What you have to do: Your task is to write out all of the records once more, exactly.

Source information:
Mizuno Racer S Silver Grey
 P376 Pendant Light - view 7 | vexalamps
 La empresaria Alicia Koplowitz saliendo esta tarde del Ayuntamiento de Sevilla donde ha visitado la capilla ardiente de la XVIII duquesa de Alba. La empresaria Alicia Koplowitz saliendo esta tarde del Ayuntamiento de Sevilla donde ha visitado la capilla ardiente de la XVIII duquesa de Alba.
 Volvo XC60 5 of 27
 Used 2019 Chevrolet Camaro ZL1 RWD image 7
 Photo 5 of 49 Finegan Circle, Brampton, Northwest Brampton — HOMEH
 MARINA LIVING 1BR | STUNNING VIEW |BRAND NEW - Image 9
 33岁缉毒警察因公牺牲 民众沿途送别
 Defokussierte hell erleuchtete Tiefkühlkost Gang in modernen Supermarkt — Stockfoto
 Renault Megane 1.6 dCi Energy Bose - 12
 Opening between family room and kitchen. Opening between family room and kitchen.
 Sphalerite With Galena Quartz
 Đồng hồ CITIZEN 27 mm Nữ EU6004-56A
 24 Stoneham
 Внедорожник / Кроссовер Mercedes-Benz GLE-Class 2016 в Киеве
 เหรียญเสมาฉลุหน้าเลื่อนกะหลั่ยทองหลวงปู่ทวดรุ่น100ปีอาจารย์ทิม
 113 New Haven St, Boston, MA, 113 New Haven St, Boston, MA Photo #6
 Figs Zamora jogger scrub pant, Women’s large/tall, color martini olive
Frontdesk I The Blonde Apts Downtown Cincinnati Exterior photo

Exercise output:
Mizuno Racer S Silver Grey
 P376 Pendant Light - view 7 | vexalamps
 La empresaria Alicia Koplowitz saliendo esta tarde del Ayuntamiento de Sevilla donde ha visitado la capilla ardiente de la XVIII duquesa de Alba. La empresaria Alicia Koplowitz saliendo esta tarde del Ayuntamiento de Sevilla donde ha visitado la capilla ardiente de la XVIII duquesa de Alba.
 Volvo XC60 5 of 27
 Used 2019 Chevrolet Camaro ZL1 RWD image 7
 Photo 5 of 49 Finegan Circle, Brampton, Northwest Brampton — HOMEH
 MARINA LIVING 1BR | STUNNING VIEW |BRAND NEW - Image 9
 33岁缉毒警察因公牺牲 民众沿途送别
 Defokussierte hell erleuchtete Tiefkühlkost Gang in modernen Supermarkt — Stockfoto
 Renault Megane 1.6 dCi Energy Bose - 12
 Opening between family room and kitchen. Opening between family room and kitchen.
 Sphalerite With Galena Quartz
 Đồng hồ CITIZEN 27 mm Nữ EU6004-56A
 24 Stoneham
 Внедорожник / Кроссовер Mercedes-Benz GLE-Class 2016 в Киеве
 เหรียญเสมาฉลุหน้าเลื่อนกะหลั่ยทองหลวงปู่ทวดรุ่น100ปีอาจารย์ทิม
 113 New Haven St, Boston, MA, 113 New Haven St, Boston, MA Photo #6
 Figs Zamora jogger scrub pant, Women’s large/tall, color martini olive
Frontdesk I The Blonde Apts Downtown Cincinnati Exterior photo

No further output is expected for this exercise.